City Council Coverage / Preview
Woodstock City Council March 9: Downtown Playground Expansion, New Road Deal and Key Zoning Votes on Tap
Based on the published agenda; council also set to honor 30-year city employee, consider fireworks and security contracts for 2026 event season
Woodstock Community News Staff||4 min read
Updated
The Woodstock City Council will convene for its regular session Monday, March 9, 2026, at 7 p.m. in The Chambers at City Center, 8534 Main Street. The agenda is among the more consequential of the year so far, touching on downtown recreation, neighborhood road infrastructure, park planning and the contracts that keep the city's busy warm-weather event calendar running.

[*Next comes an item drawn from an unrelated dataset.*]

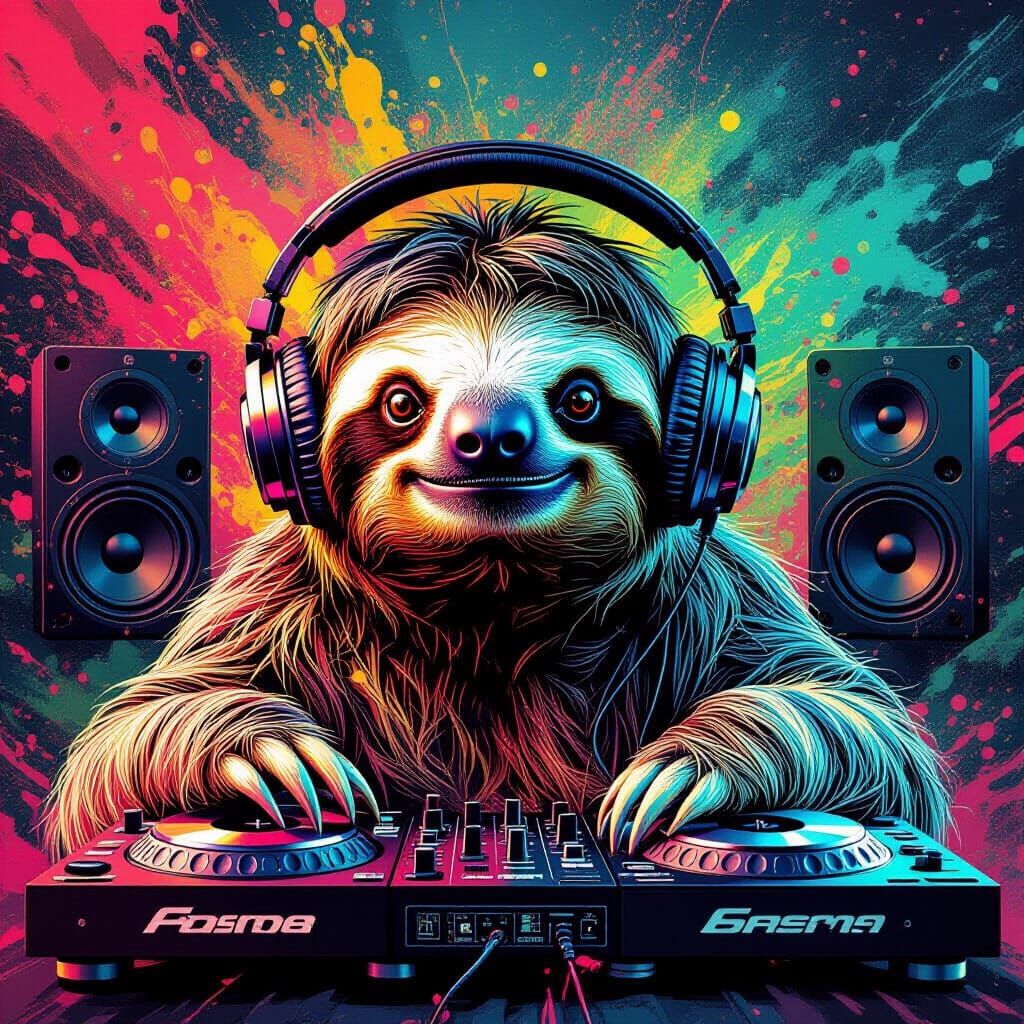 Adorable Sloth DJ in Vibrant Splash Art Style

The meeting opens on a celebratory note. The council will recognize Girl Scouts with a formal proclamation before turning to a milestone worth noting: Fire Battalion Chief Shane Tetterton will be honored as part of the city's annual Arbor Day Celebration, marking his 30th year of service to Woodstock. Three decades with a single municipality is a rare distinction in any profession, and Tetterton's recognition is a reminder of the institutional knowledge embedded in the city's public safety ranks.
**Downtown Playground Gets Its Second Act**
The evening's most visible action item involves the downtown playground, a fixture along Main Street that has become one of Woodstock's most-used family amenities since the city's downtown revitalization took hold. The council will consider a budget amendment, formally called a MAJBA, that would tap SPLOST VII reserves to accelerate Phase II of the playground's expansion, pulling the project forward from a later fiscal year. SPLOST, the Special Purpose Local Option Sales Tax, is the primary funding mechanism Cherokee County and its cities use to finance capital improvements without raising property taxes, making it a familiar tool for residents who have watched Woodstock's infrastructure grow over the past decade.

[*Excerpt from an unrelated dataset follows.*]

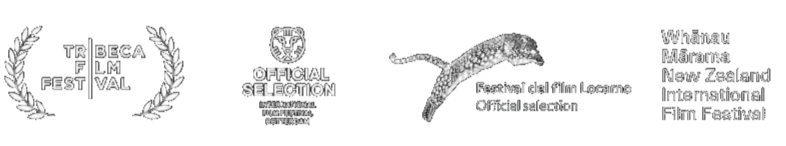 Black background poster with white text and graphics, including awards from the Tribeca Film Festival, an official selection badge for the International Film Festival Rotterdam, and text indicating the Locarno Film Festival official selection, with logos and a graphic of a cheetah.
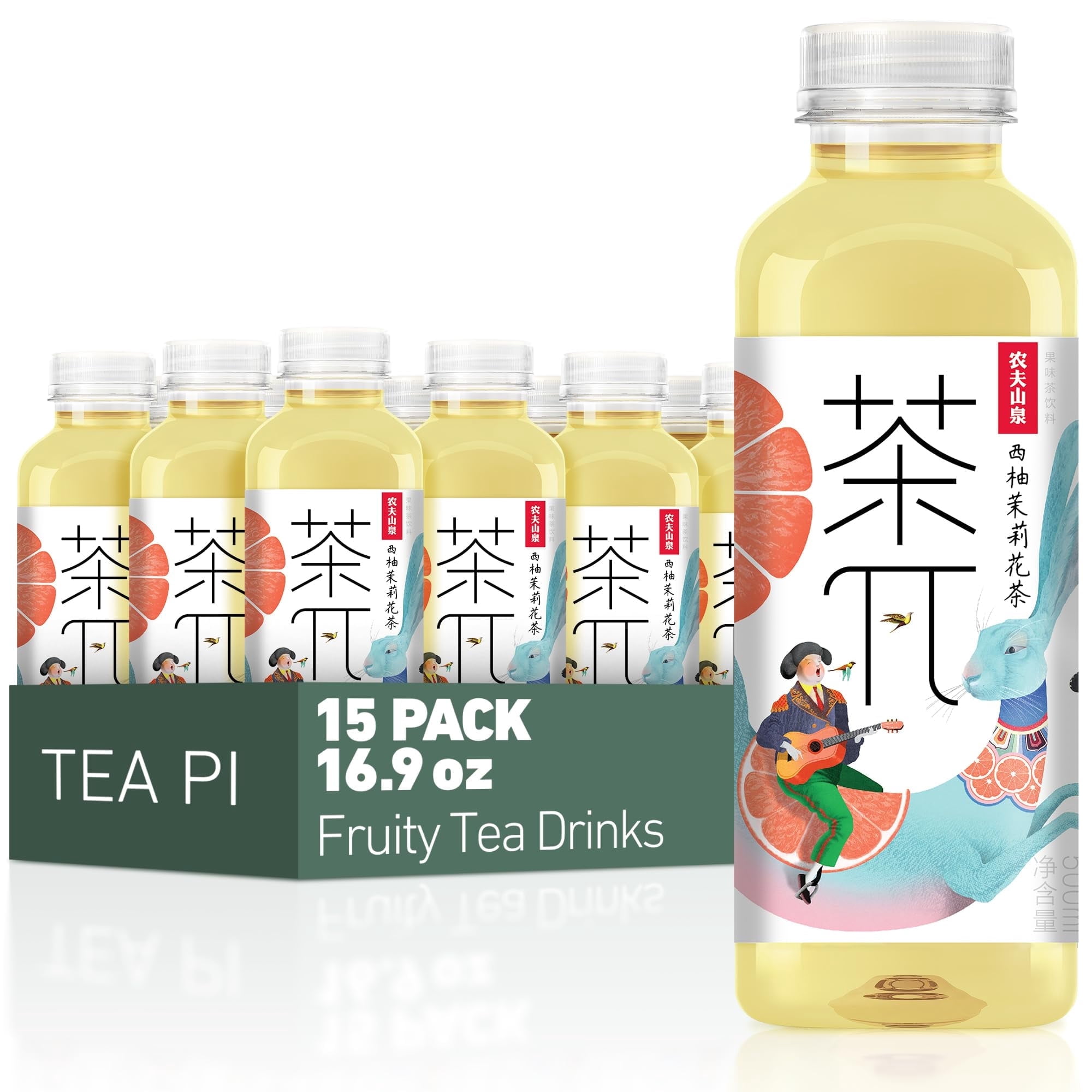 Tea PI Iced tea – Jasmine Green Tea, Grapefruit Sweet Iced Fruit Tea Bottles, Real Juice, -16.9 fl oz, 500mL, 15 Pack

If the budget amendment passes, a second vote would authorize an agreement with Earth Elements NM, LLC to handle engineering, design and construction management for the expansion. The Phase II work is intended to complete the playground by adding new play features and improving access from multiple entry points, changes that would make the space more usable for families arriving from different directions along Main Street.
Earth Elements NM, LLC is also tied to a separate agenda item: a master plan agreement for Johnston Farm Park, paired with a $33,500 budget amendment. Johnston Farm is one of Woodstock's larger park properties, and a formal master plan would give the city a long-range blueprint for how the site develops, trails, amenities, programming space and more. For residents who live near the park or use it regularly, the plan represents the first structured look at what the property could become.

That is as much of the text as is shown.